What is the first thing that comes to your mind when you say “cardio”? .... probably running. And you are not wrong; however, it is not the only type of cardio. In fact, any type of exercise that increases our heart rate and stimulates the blood flow can count as cardio whether is rowing, swimming, cycling, boxing, walking and even weights. Although it might sound a bit confusing, with weights you can actually do both – cardio and strength ... it all depends on how you perform the training based on intensity, repetitions, sets, rest, etc.

Generally speaking, when saying cardio, people refer to aerobic training in fact – a low to moderate intensity of training. Imagine a scale from 1-10, where 10 is your maximal effort (when you cannot actually speak) and 1 is almost no effort at all (a very slow walk holding a toddler by the hand). On this scale, the aerobic training would be a perceived effort between 5 and 7. Anything going above this number gets into anaerobic – which is still cardio but at a high and or very high intensity.

Strength training is that physical activity designed to improve the muscular fitness by exercising a muscle (or a group of muscles) against an external resistance – reason why it is also called resistance training – with the purpose of increasing the muscle’s endurance, size, strength or power.

What are the first things that come to your mind when you say strength? Weights, heavy lifting, bulking up? Not many would answer “endurance” although this is also strength training, involves weight lifting but only in a lower load , higher repetitions, less rest – to name only a few variables.

Strength training is not only about lifting heavy weight and bulking up. There are many ways in which this type of training is beneficial to us:

  • protects bone health - increases the bone density which otherwise tends to naturally decrease as we age.
  • improves muscular mass – quality and/or quantity (depending on specific training).
  • better biomechanics, posture, balance, coordination, proprioception - with healthier bones and muscles, our body mechanics will improve automatically .
  • help us keep the unwanted subcutaneous adipose tissue (fat in simple terms) off – muscles are the main calories consumers, so preserving and improving them will helps us speed up our metabolism and burn more calories even when at rest.
  • and it is not just about aesthetics - having strong muscles helps us better manage different conditions (such as, but not limited to arthritis, multiple sclerosis).
  • like pretty much any other type of training strength will also boost our energy level and improve our mental wellbeing (with all the serotonin, endorphins , dopamine release).

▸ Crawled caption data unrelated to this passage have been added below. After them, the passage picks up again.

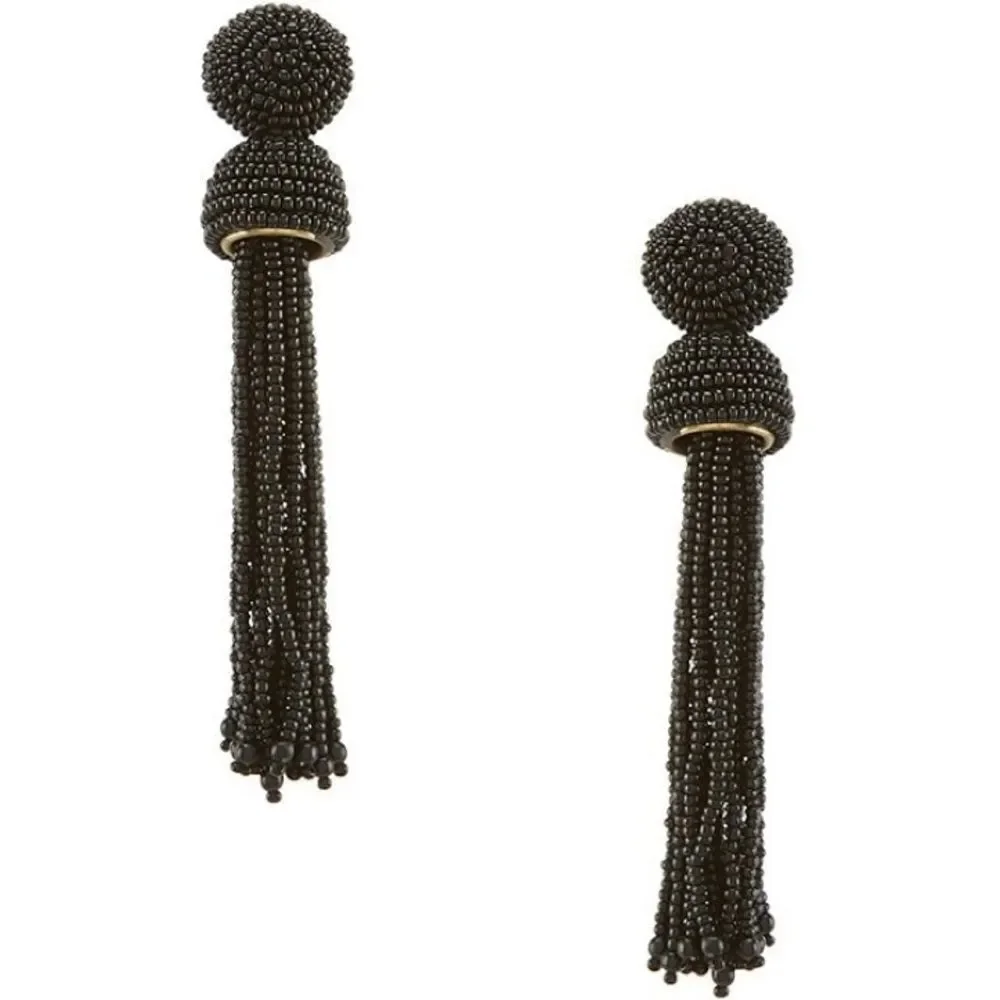 BaubleBar black beaded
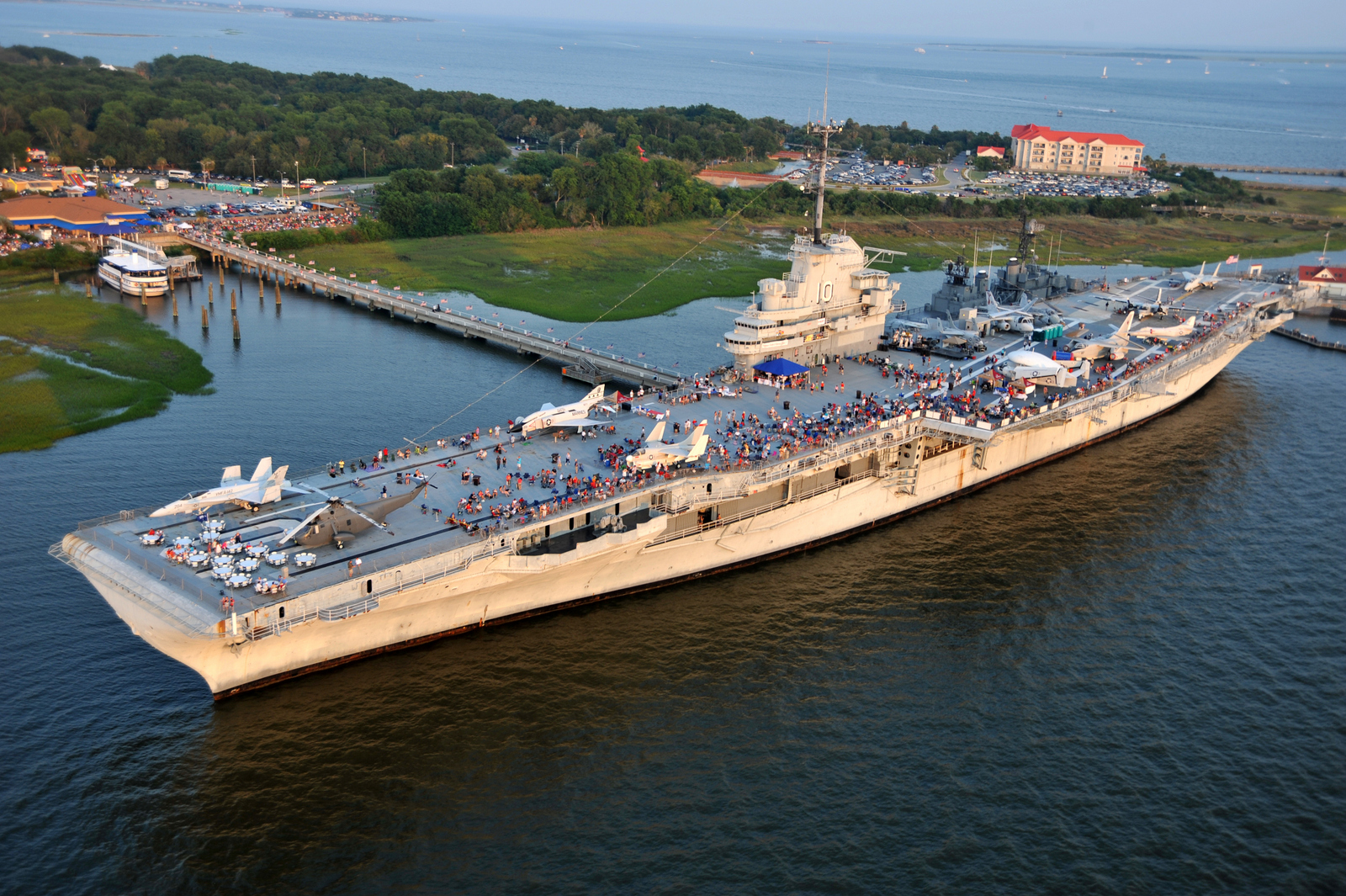 Patriots Point, USS Yorktown, 4th of July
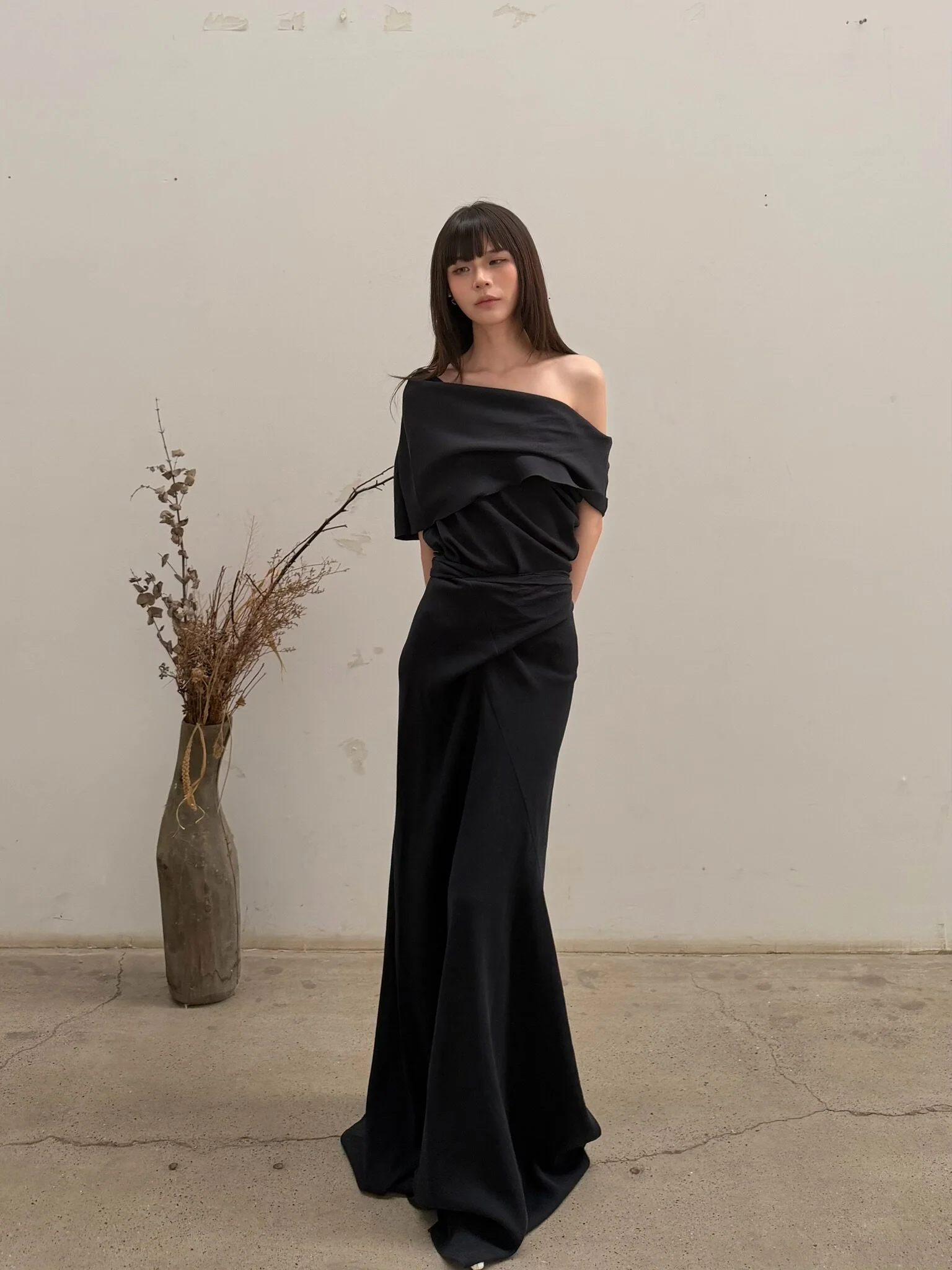Cortana SS26 ONARA Dress CTN-SS26-A3867-NAVY PURO - Image 13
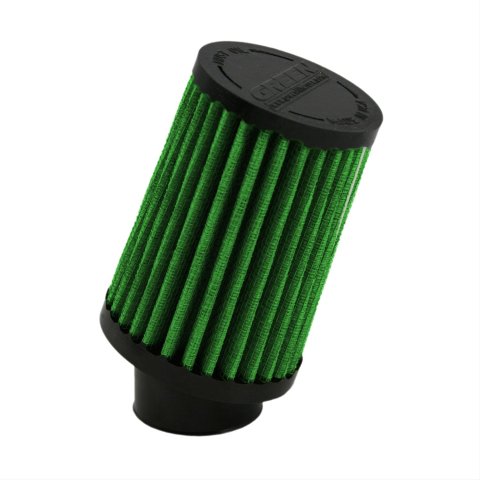 Green Filter High Performance Universal Air Filters 7164 Filter, Conical Flanged, Woven Cotton, Green, 1.25 in. Inlet Flange Diameter, 4.00 in. Length, Each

On top of all of the above benefits, strength training has also impact on our cardiovascular system, although mainly when performed at lower/medium intensity, by helping us reduce hypertension (high blood pressure).

Although the initial question was “cardio or strength?”, when it comes to keeping healthy, we must not forget the flexibility. To function properly, although we might not want to do everything, our body needs a bit of everything – it needs cardio, it needs strength, it needs flexibility.

There would be so much more to write about, but I will keep this short and sweet and stop my narrative thoughts here, before I bore you completely .... and I will try to touch the “flexibility” topic in one of my future forms of expression of my poor haunted writing spirit J.